⟨

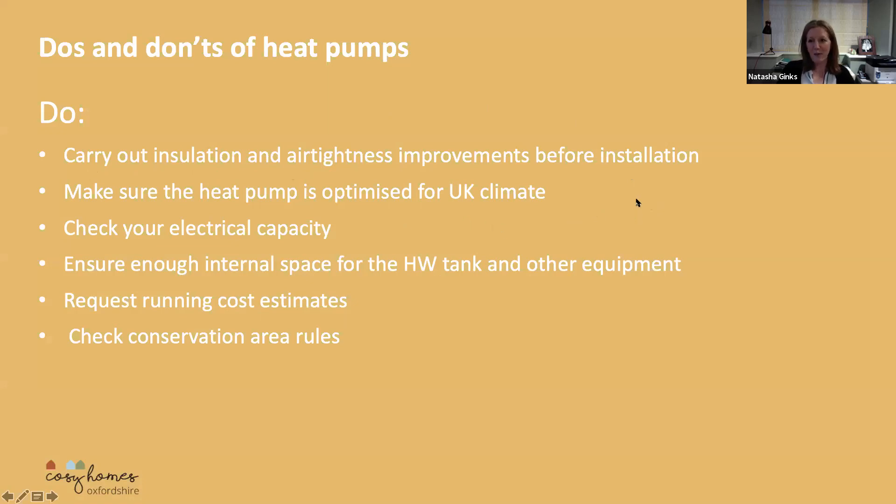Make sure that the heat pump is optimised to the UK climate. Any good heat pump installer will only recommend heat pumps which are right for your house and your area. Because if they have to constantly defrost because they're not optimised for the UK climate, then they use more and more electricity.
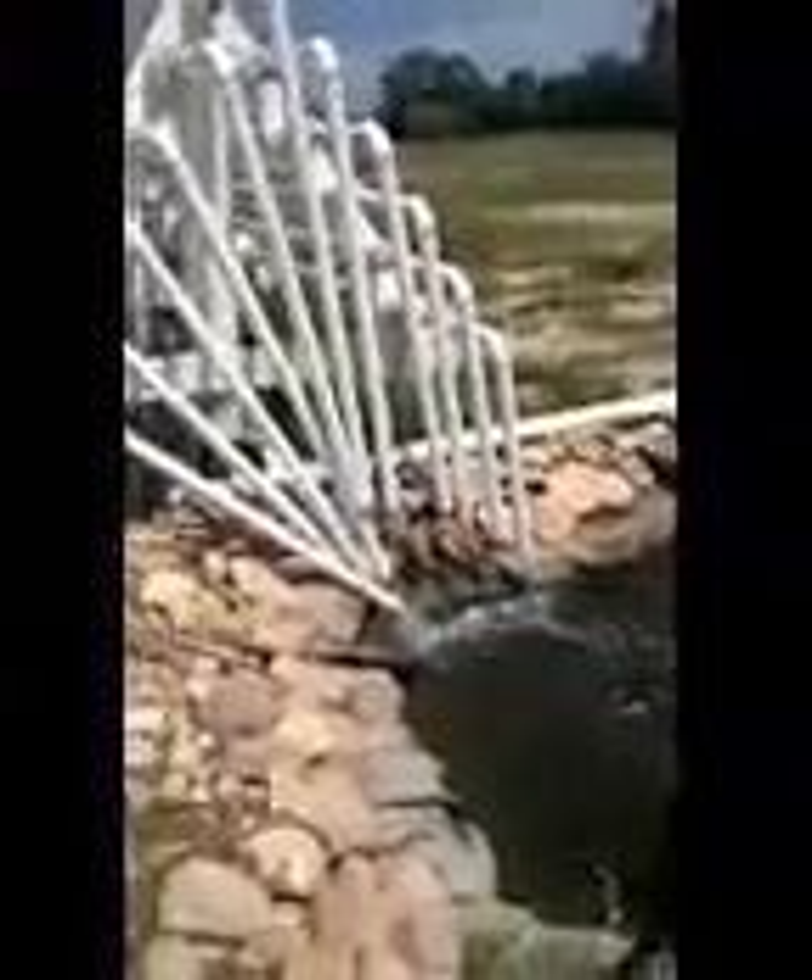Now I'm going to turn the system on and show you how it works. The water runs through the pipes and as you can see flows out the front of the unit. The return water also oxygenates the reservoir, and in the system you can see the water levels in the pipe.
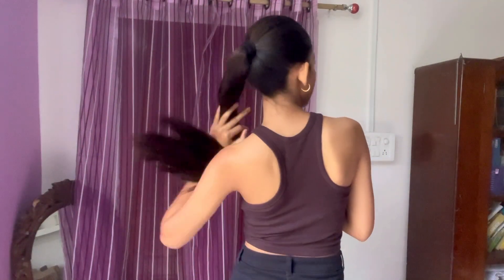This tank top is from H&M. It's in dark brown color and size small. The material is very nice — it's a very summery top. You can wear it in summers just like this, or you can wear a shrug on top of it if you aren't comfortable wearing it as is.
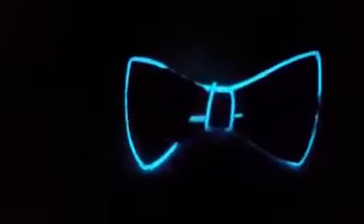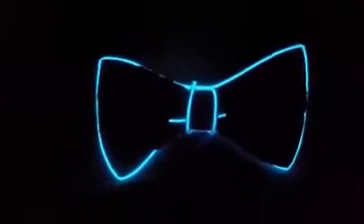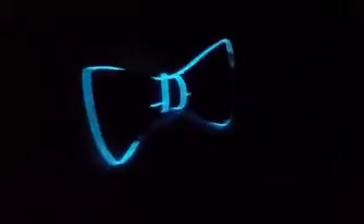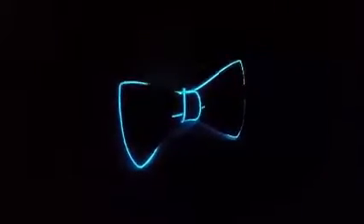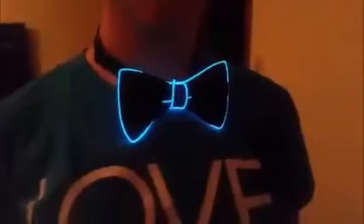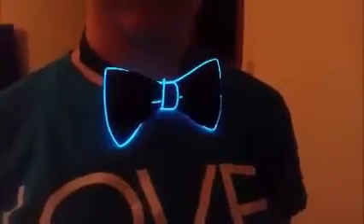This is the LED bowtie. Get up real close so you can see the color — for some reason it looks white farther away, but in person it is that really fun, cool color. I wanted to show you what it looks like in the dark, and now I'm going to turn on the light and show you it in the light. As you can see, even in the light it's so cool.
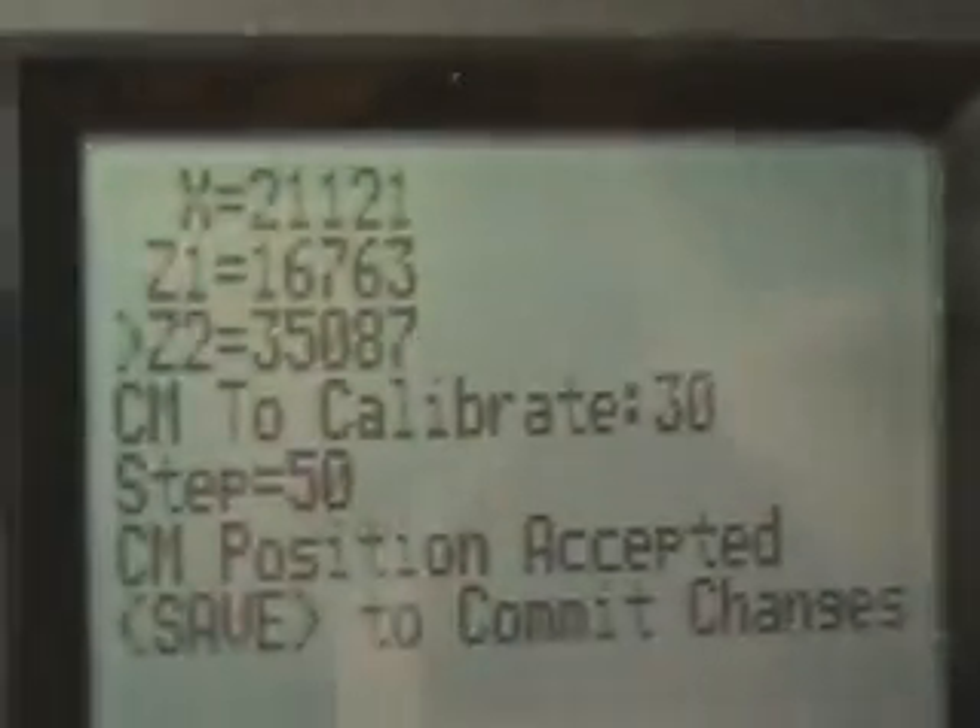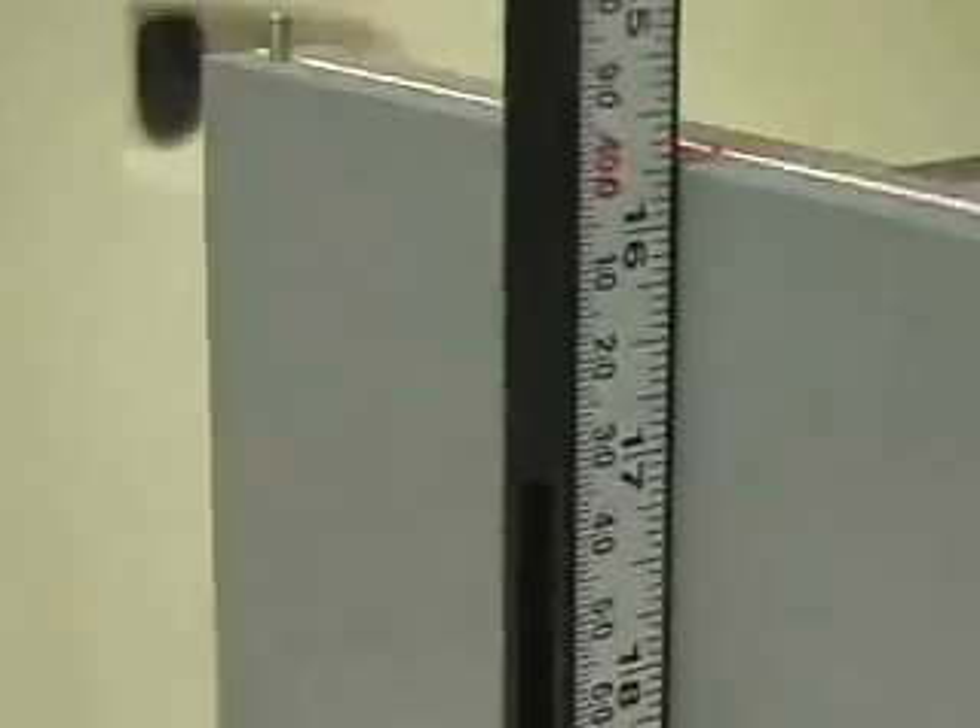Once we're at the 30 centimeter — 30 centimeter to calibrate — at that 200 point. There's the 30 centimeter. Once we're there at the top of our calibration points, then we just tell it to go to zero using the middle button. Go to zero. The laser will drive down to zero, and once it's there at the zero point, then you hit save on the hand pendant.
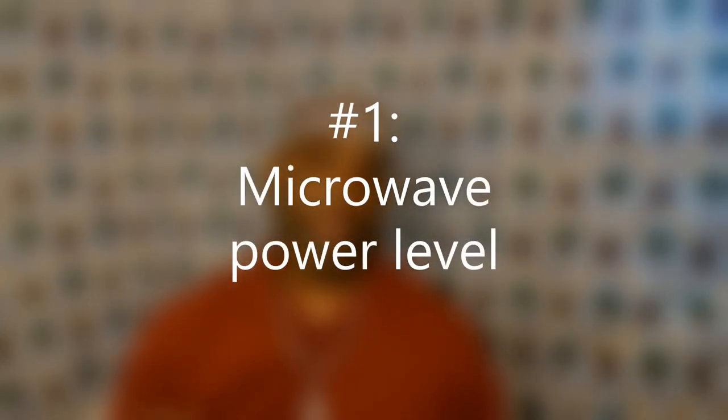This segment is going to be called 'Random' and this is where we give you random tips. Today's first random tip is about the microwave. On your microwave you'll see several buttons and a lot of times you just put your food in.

⟩
⟨

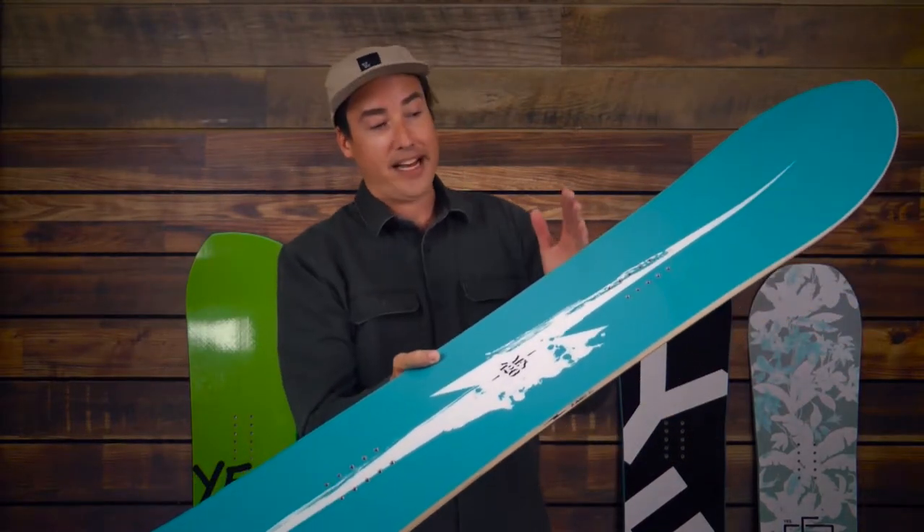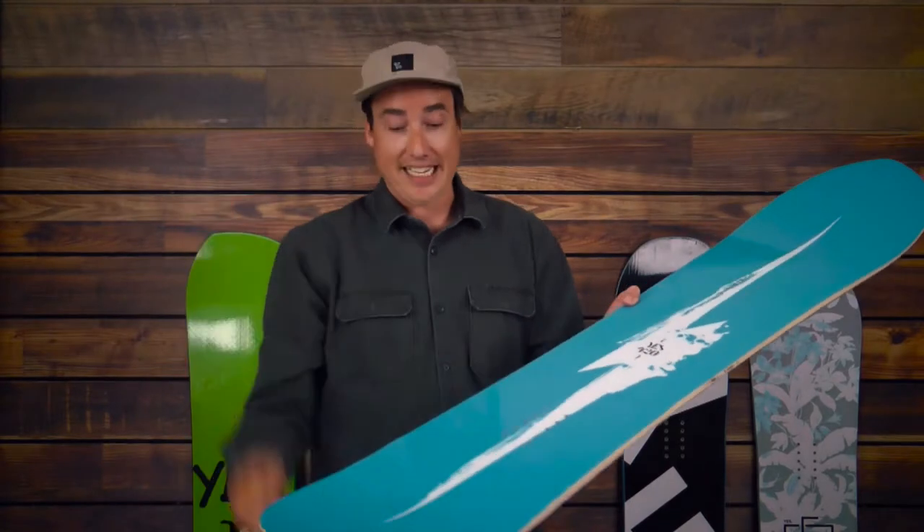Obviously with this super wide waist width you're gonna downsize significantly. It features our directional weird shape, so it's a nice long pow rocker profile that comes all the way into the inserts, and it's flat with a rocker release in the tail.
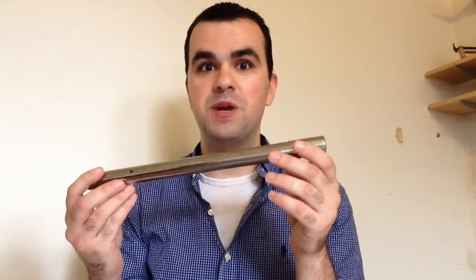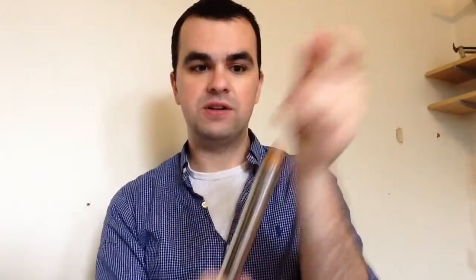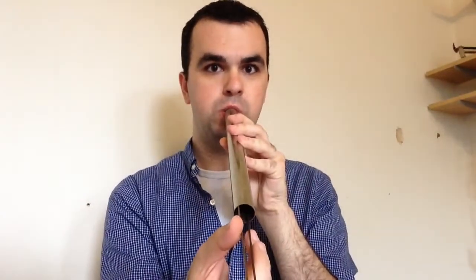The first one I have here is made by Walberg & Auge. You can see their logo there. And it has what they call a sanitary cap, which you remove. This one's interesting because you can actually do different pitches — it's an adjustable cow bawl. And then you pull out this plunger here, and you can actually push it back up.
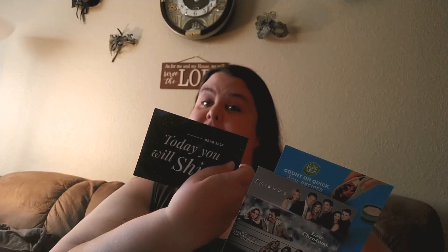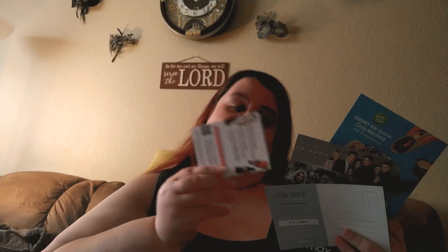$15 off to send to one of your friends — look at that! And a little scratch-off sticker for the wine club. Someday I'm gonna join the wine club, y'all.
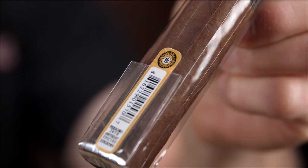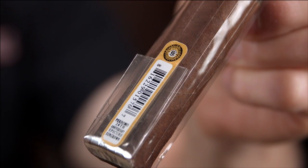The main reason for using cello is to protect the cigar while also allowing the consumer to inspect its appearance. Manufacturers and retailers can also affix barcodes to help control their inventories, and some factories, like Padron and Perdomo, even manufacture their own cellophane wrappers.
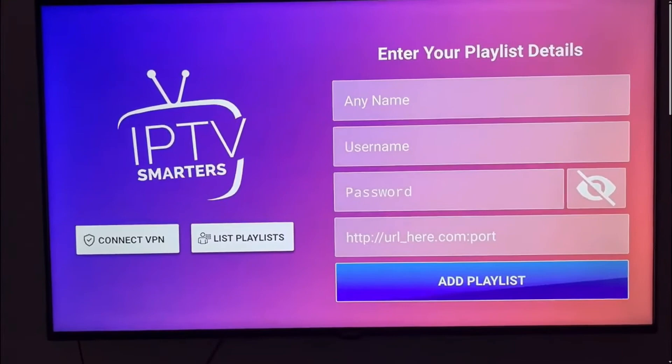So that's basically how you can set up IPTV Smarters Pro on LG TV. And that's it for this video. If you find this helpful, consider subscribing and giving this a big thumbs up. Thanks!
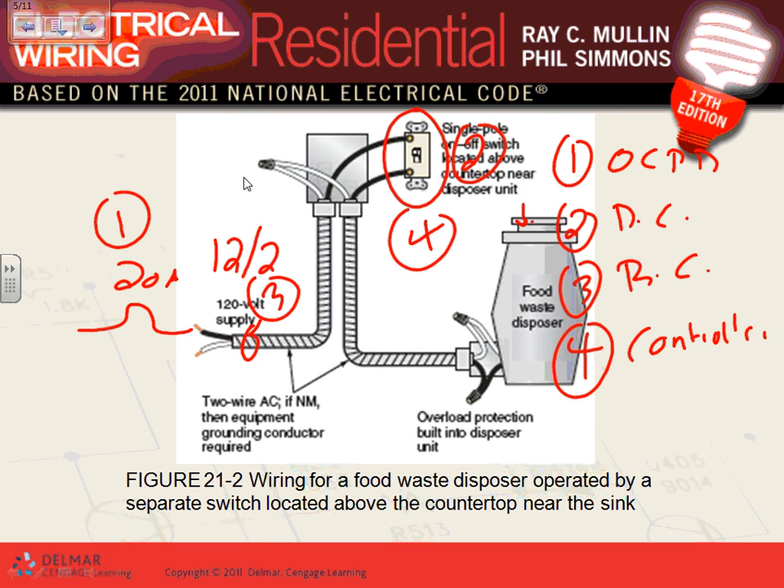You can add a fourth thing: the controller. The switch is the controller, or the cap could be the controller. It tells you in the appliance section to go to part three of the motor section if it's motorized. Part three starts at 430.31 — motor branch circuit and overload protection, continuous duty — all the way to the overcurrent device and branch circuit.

⟩

Try it — For the entries above, print exactly the lines between the one with "Once we're at" and the one with "This segment is", inclusive, with no pictures.

Response to the exercise —
Once we're at the 30 centimeter — 30 centimeter to calibrate — at that 200 point. There's the 30 centimeter. Once we're there at the top of our calibration points, then we just tell it to go to zero using the middle button. Go to zero. The laser will drive down to zero, and once it's there at the zero point, then you hit save on the hand pendant.
This segment is going to be called 'Random' and this is where we give you random tips. Today's first random tip is about the microwave. On your microwave you'll see several buttons and a lot of times you just put your food in.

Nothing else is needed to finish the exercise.